■ Your goal ■
What is needed is the exact text of each line in the listing below from the one with "Porträt eines lächelnden" up to and including the one with "Smiling beautiful asian", and no pictures.

[Task input]

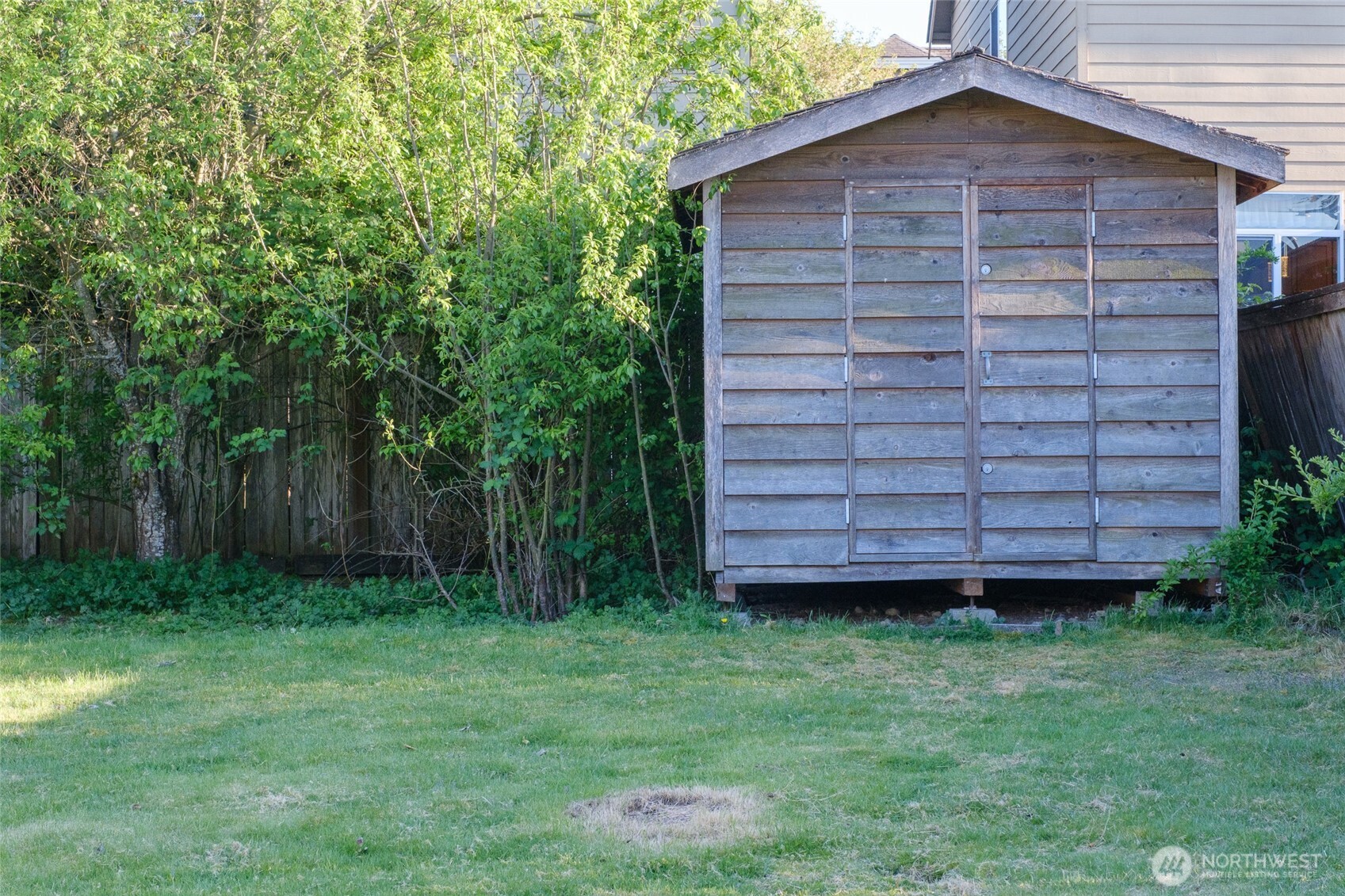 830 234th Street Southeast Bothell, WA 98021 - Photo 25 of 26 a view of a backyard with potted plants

[/Task input]
[Task input]

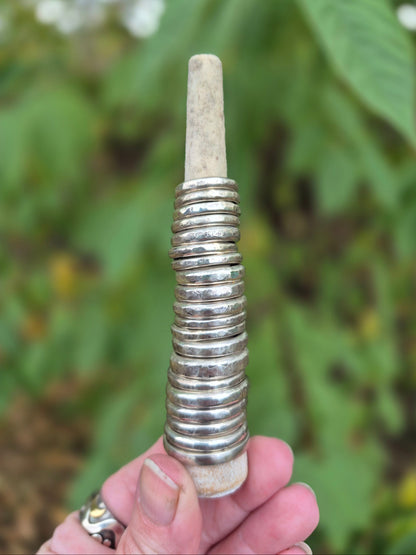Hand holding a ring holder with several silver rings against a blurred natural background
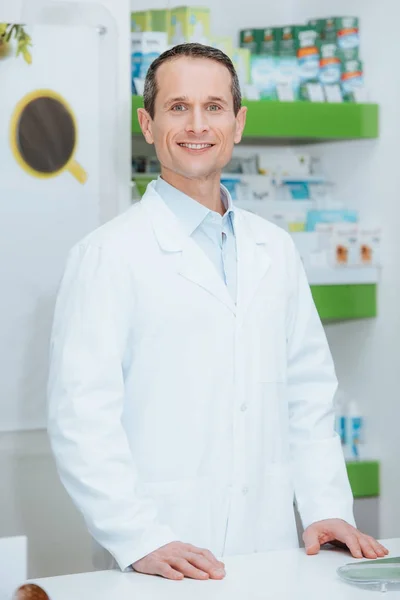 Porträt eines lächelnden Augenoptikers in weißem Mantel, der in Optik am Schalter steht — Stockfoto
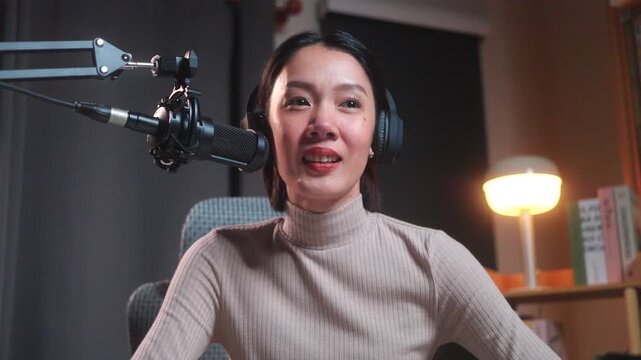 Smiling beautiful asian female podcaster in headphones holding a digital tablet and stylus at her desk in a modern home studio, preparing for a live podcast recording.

[/Task input]

■ Task answer ■
 Porträt eines lächelnden Augenoptikers in weißem Mantel, der in Optik am Schalter steht — Stockfoto
 Smiling beautiful asian female podcaster in headphones holding a digital tablet and stylus at her desk in a modern home studio, preparing for a live podcast recording.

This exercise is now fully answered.